As it stands now, because the police control the 911 system, sometimes there is nobody else to call to get emergency medical and mental health services. This is a major part of what needs changing, Shrewsberry said.
Public discussions of these ideas are ongoing as part of the national "reckoning," as Shrewsberry calls it, brought on thanks to social movements like Black Lives Matter, with proposals to Defund the Police, and calls for police abolition. But most lawmakers haven't caught up to the public.
The passage of the George Floyd Justice in Policing Act in the House of Representatives earlier this month, would, if approved by the senate and executive branches, strip officers of qualified immunity, which protects police from criminal liability for their actions while wearing the badge. But as police abolitionists have pointed out, the bill still falls short of their demands by still increasing funding to police. The bill also fails to redistribute public funding from policing and into community-based approaches to public safety, something the Breathe Act proposed by the Movement for Black Lives aims to do. Announced by Congress members Ayanna Pressley and Rashida Tlaib last summer, the Breathe Act has been largely ignored by Congress and the Democratic Party.
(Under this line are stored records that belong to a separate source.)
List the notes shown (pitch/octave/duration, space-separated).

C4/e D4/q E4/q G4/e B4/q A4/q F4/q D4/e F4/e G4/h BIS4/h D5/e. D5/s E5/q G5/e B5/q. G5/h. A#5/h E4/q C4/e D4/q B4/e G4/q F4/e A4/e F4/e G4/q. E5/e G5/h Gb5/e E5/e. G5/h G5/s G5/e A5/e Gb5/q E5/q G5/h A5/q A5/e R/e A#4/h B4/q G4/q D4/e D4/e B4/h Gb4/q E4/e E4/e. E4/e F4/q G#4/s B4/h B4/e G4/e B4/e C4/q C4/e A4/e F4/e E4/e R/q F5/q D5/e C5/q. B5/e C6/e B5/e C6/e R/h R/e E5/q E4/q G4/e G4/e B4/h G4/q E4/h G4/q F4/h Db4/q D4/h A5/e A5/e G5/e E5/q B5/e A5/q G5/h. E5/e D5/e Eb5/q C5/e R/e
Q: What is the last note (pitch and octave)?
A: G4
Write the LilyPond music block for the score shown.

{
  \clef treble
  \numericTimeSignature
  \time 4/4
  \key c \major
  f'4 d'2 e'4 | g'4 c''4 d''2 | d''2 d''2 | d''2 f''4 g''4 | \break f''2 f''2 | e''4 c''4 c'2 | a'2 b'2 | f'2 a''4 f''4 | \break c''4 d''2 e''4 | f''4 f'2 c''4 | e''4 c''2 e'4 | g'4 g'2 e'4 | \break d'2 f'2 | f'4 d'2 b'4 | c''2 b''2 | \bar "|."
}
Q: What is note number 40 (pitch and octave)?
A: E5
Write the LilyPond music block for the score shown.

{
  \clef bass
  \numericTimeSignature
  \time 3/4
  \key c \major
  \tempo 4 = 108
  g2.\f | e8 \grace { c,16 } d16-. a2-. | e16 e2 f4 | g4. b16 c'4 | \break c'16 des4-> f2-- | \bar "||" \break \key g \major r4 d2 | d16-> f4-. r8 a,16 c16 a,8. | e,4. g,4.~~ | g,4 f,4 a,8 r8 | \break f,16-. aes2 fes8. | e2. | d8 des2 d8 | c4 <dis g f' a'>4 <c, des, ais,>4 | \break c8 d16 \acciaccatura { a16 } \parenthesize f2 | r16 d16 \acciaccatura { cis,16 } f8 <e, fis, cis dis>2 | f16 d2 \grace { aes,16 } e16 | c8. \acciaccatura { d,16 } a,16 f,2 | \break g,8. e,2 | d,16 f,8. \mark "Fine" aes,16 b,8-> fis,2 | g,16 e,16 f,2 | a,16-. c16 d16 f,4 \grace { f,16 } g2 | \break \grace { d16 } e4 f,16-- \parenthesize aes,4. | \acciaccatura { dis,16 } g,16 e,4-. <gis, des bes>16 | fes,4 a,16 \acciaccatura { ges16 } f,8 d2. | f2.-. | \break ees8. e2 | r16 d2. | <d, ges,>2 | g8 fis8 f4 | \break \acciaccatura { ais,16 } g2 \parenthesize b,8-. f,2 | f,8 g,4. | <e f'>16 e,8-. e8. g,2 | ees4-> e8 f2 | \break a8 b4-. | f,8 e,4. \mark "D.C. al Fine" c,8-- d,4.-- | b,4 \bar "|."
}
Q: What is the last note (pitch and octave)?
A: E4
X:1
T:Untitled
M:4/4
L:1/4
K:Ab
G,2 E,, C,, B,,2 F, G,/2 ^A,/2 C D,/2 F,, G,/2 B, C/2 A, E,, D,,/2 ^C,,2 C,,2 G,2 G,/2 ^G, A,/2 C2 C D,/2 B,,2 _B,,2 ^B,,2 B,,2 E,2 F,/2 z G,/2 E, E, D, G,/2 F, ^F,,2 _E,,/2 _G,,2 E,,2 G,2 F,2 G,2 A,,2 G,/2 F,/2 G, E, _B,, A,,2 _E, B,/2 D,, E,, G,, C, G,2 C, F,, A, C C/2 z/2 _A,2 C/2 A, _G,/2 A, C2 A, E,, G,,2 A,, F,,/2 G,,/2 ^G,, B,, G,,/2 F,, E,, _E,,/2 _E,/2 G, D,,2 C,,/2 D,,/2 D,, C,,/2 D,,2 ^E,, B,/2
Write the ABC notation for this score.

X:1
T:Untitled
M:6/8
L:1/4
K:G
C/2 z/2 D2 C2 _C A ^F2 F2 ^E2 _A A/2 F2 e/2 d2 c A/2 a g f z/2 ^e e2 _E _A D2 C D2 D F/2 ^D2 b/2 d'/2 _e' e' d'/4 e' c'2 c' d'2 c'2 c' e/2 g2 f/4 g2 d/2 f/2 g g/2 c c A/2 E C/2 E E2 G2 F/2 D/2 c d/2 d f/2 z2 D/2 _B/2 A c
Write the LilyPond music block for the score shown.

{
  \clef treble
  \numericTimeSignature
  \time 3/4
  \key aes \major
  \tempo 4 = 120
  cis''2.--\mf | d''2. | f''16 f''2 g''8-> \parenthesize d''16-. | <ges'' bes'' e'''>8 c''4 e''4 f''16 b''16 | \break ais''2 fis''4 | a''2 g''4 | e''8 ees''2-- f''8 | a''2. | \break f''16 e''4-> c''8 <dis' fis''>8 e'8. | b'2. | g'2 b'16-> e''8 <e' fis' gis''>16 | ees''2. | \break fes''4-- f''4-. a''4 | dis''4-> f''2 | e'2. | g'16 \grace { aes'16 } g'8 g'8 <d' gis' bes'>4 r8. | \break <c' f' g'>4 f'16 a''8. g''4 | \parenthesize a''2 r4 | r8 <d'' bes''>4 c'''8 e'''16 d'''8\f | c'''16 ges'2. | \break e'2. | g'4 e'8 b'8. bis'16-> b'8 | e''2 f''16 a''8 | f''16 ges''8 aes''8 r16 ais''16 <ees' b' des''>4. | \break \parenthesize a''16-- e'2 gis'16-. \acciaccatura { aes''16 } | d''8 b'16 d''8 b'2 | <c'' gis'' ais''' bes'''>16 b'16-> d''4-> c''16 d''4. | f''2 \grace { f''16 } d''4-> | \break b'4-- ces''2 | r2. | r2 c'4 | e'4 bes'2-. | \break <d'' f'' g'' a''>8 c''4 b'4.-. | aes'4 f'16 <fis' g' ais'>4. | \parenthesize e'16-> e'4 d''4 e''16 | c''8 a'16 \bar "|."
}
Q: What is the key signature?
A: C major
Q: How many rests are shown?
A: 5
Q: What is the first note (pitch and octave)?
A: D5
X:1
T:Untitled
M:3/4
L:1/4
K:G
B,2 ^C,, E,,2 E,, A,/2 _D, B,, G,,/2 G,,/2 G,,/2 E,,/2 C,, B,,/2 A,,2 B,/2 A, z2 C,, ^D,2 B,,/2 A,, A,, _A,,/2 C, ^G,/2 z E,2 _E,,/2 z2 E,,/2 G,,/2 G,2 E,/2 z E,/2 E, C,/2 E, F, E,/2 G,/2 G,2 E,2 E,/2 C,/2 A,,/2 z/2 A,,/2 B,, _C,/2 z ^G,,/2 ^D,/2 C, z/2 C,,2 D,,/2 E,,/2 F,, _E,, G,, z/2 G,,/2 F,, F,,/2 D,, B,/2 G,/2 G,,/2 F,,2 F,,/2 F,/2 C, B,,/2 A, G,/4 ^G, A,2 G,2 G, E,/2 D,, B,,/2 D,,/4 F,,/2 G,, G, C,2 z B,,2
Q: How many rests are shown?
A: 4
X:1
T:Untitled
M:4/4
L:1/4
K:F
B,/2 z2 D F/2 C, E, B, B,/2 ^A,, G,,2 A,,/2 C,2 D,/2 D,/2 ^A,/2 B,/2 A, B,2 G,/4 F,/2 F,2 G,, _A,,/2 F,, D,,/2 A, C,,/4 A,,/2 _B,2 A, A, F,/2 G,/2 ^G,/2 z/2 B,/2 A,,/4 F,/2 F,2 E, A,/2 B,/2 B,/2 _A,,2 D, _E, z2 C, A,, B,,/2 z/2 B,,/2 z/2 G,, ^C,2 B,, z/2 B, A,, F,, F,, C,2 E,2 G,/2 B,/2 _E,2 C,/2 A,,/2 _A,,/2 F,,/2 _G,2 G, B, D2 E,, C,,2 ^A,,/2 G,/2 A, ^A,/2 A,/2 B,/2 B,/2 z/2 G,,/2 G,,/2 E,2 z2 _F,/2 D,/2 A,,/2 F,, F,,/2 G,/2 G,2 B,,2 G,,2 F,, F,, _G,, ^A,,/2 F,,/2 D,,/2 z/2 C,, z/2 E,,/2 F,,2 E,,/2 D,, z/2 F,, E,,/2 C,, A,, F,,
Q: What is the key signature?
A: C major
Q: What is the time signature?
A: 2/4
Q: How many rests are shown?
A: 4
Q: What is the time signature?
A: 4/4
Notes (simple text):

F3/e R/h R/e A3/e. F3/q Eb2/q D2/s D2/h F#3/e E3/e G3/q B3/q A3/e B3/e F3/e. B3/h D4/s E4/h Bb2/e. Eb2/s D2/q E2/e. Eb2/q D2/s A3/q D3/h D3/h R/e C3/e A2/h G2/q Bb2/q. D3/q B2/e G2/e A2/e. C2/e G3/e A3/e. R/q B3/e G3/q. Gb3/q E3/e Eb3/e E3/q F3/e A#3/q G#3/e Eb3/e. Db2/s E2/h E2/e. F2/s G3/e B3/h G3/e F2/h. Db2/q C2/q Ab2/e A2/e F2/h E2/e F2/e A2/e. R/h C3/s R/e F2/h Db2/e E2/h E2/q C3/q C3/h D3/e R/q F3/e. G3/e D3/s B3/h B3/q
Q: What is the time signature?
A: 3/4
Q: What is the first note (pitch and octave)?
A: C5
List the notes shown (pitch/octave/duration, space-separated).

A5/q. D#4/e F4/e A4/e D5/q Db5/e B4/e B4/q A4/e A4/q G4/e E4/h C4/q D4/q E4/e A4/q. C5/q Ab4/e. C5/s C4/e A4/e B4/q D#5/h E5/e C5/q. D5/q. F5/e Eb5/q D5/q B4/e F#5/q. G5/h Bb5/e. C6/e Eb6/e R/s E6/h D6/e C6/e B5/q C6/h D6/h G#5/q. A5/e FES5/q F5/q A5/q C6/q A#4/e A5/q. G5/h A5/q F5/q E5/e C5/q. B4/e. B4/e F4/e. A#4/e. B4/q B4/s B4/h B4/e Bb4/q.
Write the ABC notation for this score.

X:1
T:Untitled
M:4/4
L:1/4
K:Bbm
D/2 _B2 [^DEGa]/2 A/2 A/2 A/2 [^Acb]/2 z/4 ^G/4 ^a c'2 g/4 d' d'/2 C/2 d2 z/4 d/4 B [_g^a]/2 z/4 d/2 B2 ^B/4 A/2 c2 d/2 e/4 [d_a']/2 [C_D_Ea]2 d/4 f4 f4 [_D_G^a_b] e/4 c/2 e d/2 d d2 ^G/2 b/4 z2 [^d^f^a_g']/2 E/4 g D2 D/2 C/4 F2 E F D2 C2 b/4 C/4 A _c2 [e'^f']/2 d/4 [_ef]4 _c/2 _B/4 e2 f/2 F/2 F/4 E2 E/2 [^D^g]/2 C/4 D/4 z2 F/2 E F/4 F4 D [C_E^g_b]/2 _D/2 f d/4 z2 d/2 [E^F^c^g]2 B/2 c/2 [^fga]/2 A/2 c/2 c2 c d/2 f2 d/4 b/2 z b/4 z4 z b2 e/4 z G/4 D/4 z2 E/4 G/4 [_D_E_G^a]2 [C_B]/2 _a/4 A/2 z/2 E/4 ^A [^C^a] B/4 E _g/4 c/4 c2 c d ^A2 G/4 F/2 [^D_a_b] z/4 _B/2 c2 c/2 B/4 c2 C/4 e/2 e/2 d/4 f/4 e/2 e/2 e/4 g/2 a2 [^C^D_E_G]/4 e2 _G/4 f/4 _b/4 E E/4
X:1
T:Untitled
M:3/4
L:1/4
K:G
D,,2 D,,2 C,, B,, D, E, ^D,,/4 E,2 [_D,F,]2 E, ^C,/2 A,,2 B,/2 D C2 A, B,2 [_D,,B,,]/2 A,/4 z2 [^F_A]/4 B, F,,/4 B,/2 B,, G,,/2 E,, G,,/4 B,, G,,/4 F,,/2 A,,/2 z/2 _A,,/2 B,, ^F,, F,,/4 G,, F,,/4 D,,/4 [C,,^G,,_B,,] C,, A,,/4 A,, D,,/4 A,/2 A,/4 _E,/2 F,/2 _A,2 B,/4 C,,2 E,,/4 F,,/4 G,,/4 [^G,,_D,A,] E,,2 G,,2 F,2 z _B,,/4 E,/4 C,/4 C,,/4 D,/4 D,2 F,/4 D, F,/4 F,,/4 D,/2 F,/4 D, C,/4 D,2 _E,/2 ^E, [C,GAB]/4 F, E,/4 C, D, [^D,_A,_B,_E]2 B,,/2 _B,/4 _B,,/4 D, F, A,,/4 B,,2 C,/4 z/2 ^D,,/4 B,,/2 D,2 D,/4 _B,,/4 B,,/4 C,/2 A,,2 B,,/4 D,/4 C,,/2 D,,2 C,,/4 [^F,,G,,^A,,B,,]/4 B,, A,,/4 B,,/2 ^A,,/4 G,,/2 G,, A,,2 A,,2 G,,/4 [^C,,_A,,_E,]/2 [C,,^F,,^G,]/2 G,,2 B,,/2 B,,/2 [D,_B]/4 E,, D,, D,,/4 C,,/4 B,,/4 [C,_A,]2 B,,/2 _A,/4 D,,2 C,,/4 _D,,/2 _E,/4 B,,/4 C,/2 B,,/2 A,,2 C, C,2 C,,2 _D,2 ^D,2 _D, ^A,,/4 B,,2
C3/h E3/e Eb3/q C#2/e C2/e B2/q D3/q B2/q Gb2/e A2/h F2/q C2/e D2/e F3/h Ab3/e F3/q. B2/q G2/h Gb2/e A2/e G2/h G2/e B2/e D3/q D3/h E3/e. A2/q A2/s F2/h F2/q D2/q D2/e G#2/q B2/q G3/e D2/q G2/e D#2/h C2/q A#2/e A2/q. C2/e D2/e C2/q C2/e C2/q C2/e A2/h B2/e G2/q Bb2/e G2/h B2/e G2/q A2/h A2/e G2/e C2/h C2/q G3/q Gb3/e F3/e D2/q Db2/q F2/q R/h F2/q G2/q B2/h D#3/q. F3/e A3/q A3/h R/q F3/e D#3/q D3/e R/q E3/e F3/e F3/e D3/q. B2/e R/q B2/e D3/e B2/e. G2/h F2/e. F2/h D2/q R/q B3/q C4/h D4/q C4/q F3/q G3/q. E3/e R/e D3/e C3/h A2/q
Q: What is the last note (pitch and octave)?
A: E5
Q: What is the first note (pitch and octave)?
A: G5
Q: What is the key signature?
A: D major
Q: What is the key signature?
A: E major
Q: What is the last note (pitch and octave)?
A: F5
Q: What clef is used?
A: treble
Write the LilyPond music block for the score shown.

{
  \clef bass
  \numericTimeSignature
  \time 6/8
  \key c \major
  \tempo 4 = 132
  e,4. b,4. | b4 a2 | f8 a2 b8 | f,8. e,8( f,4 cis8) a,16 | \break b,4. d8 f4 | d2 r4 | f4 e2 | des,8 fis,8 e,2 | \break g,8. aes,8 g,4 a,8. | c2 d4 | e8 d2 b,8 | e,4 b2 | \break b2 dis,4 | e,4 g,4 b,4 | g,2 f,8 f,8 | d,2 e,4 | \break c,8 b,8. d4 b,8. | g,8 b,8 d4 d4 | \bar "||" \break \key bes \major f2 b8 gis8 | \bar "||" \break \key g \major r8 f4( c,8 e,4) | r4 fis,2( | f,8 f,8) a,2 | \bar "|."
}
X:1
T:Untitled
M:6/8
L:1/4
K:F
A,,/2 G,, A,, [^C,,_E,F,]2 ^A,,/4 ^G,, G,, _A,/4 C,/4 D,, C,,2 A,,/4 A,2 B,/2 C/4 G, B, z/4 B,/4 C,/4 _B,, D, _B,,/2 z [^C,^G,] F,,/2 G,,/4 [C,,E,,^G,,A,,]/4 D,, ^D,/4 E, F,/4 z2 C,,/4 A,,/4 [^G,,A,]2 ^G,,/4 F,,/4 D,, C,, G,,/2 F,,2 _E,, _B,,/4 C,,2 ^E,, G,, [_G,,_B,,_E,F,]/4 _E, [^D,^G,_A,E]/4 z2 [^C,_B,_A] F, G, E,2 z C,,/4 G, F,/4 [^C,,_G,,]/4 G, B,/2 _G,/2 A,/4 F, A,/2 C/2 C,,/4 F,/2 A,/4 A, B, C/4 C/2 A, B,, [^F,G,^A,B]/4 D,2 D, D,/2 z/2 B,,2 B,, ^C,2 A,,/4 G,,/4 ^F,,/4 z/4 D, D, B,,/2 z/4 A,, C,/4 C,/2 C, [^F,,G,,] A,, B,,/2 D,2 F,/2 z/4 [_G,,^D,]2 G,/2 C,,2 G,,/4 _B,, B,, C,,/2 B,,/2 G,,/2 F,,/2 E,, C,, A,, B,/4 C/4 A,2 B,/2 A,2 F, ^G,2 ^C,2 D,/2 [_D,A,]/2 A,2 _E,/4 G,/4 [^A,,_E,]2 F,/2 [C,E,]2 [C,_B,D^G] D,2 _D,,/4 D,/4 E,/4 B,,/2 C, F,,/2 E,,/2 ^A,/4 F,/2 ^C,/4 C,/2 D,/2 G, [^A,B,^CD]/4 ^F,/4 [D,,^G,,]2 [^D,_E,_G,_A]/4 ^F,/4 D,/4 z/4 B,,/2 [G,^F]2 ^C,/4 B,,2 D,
Shrewsberry said now is the time to put forth more concrete proposals like these to create social change wherever possible. U.S. society, he said, must build anew from the notion of community safety, first by yanking the profession out of the hands of police departments themselves and state-run academies that train cadets like he used to be—where, too often, states only have one academy and are responsible for training all the cadets in an entire state.
He isn't surprised by so many police killings when a disproportionate number of training hours (more than one third, according to the Bureau of Justice) are spent on weapons, use of force, defensive training, and other physical activity in a job where most of an officer's duties are administrative. It doesn't help that the culture is founded on pumping cadets full of fear of being killed on the job either, even though officers are more likely to commit suicide than be killed in the line of duty.
In 37 states, cops—before they even attend basic training—start working, fully armed, in local parks, schools and colleges, hospitals, housing authorities, government buildings, and transportation venues such as airports and subways.
Still, when it comes to the extent of police violence, Shrewsberry said he doubts that training reform alone will cut it.
"I don't know if we can train our way out of this," he said.
Instead, he offers a whole new curriculum for public safety—practically and symbolically.
In the short term, he said police must be managed and controlled, which does include training. For a re-imagined future, however, he thinks the public is the best-informed constituency to set the road map.
To meet this challenge, ICJTR has formed a Community Impact Team of non-police representatives from more than two dozen separate communities across the country that are often left out of policing conversations—from racial/ethnic groups, to civil liberty interest groups focused on immigration and the elderly, to public policy areas like restorative justice. This team, as a critical part of the nonprofit's vision, is designed to inform the kind of policies and procedures that would construct a comprehensive system of public safety. Unlike police consultant groups studded by current and former cops, the ICJTR's board are mainly community experts in law, medicine, social work.
Today, as part of his advocacy, Shrewsberry tells anyone who will listen that he was a racist cop. He said he hopes that he's setting an example of denouncing a racist system and his participation within it.
"I hope doing so will give still-active officers the courage to do what I did not―to speak out when they see injustice."